The series is a slightly more dramatised adaption of Stephanie Land’s New York Times Best-selling memoir, Maid: Hard Work, Low Pay, and a Mother’s Will To Survive.
If you haven’t already jumped in, it is about a young, single mother’s survival and resilience as she navigates homelessness, America’s “impenetrable bureaucracy”, the “crushing cycle of domestic abuse”, and her gruelling job as a domestic worker for some of the world’s wealthiest folks in Washington.
There are too many Catch 22’s to count, and the difficult situation might be a challenge to watch for some, but ultimately, it is “tender television” notes The Guardian:
The past two years have made plain how precarious life is, and how quickly things can change.
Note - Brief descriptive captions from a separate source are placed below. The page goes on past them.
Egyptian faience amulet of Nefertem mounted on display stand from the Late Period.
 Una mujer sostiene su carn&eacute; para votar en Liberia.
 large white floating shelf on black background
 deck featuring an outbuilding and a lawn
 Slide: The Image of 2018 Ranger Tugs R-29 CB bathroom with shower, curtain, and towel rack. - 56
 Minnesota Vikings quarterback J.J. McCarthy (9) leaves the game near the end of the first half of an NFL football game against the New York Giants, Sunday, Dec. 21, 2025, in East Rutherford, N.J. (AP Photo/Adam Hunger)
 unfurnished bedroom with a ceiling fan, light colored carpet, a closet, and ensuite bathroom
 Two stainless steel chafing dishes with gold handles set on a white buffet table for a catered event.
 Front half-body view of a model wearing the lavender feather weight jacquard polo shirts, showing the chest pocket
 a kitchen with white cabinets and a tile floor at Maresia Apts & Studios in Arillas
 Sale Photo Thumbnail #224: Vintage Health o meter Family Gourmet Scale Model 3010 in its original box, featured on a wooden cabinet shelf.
Perhaps it is no surprise, then, that Netflix’s biggest hits of 2021 are both about desperate people pushed to their limits.
As Squid Game dominates the headlines, it is Maid – quieter, but no less devastating – that is generating word-of-mouth buzz.
In fact, it’s estimated that Maid will be streamed by 67 million households by the end of its first month on the platform, putting it on track to beat The Queen’s Gambit as Netflix’s most-watched miniseries.
The stories of strong women prevail.
Viewers can’t help but invest in this limited series, largely thanks to the nuanced performance of Margaret Qualley as Alex, “a character who seems so real as she falls through the cracks”.
It also helps that one of the more heartbreaking and heart-making relationships in the series, the one between Alex and her mother Paula, sees the latter played by Qualley’s real-life mother, Andie MacDowell:
Maid is a part of the current television vein that portrays emotional abuse, emphasising how difficult it is to prove this type of abuse is taking place.
The series’ magic is how we are put in Alex’s head, immersed in her experience via some interesting film and story-telling techniques, which is why Maid never becomes full-fledged “poverty porn”.
The show stayed with me too after watching it recently, but I couldn’t help shake a little anger after realising how relative poverty is.
Where Alex, as a homeless, penniless, desperate, single mother, had a car and the availability of assistance from a welfare system, no matter how broken,many disenfranchised people in South Africa have far less and nowhere to turn.
Like any good TV show, though, at least Maid makes you think:
Ultimately, it is a show that asks what comes easily, and to who. It is about how performative kindness fails those who need real help, and how quickly things can unravel when someone has no one to turn to. There may be a glimmer of light at the end of the tunnel – but Maid takes no short cuts in getting there.